When I look at our students at Buffalo String Works, I see these bonds grow between our students. I see students who come to us who are really shy, who’ve gone through a lot of personal and family trauma. It’s really incredible that we can provide a place for students to come and discover something new that they can do. It gives them a way to feel that they’re special and unique. Music and art can do that in a way that is harder to achieve in less creative disciplines. That’s why music means a lot to our family, and that’s why we really want some form of it to be part of Ko’s life. We don’t have plans for him to become a musician. We don’t have illusions of grandeur, but we just want him to love it too, and we want him to use it and hopefully learn the things that we’ve learned through it as well.
Do you have any advice for Mother Makers? Words of wisdom for people who are just starting a family, and are curious about how to continue making work while raising children? What I’ve learned the most is how to believe in myself, and to be able to let go of the concerns of how things look. For me, having been a freelancer for a long time, we all kind of have ideas of what it is to be a mother, and we have these ideas well before we even think about having a family. Those preconceived ideas led me to do things like play a recital really soon after having a baby, or not really slow down my performance schedule at all, even after becoming a mother. I did a lot of those things because I was worried about what it would look like if I didn’t do them. And I’ve learned that I don’t care anymore, but it’s taken a long time to get there. I had to learn those things, and I had to understand that for myself, and it’s really this weird self-exploration that’s suddenly forced upon you.
“What I’ve learned the most is how to believe in myself”

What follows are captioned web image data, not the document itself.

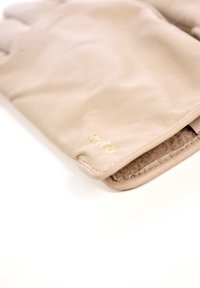 Beige læderhandsker med blottede fingerspidser. Blød tekstur, syede kanter og en lille logo trykt i guld nær manchetterne.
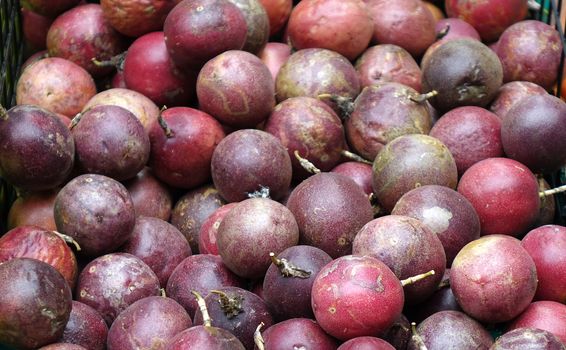 Purple passion fruits are sold at an outdoor market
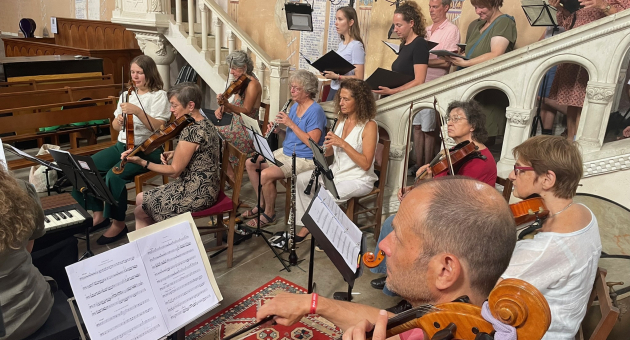 Een groep muzikanten met verschillende instrumenten in een kerk.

I’ve never been one for reaching out to other people, partly because I don’t want to burden other people with my questions or my problems or just my venting, and partly because I didn’t want to appear weak to anyone. But by doing that it took me longer to learn some of these things than it needed to. Then again, I really took my own journey to get to this point, and I feel really comfortable now saying that certain things don’t matter to me. I’m not just a violinist.
It depends on who you are. That’s why what you’re doing, Emma, is so important. If you’re not that type of person to just call up someone or use social media to reach out, this at least gives people a way to read and hear stories on their own terms. I’ve slowly become more comfortable about being public about being a mother, and having that be more part of a conversation.
The way you become an artist is by learning this hard core work ethic, you have to be tough and be able to deal with a lot of rejection. You have to fend for yourself, and work your ass off. And you think: When I have a baby, I’ll be a hard ass then too. But it does knock you on your ass. I feel like that too. Being a mother is the hardest job of all, so if I ever start to doubt myself, I can just say, “Yeah, but I’m a mom. And I’m doing that, so nothing else compares.” That’s true, and I use that as a gauge now. If I feel happy about the way that I’m parenting, that means that things are mostly in balance. And if I don’t have the energy to be the parent that I want to be, that’s when I know something’s off and needs to be adjusted.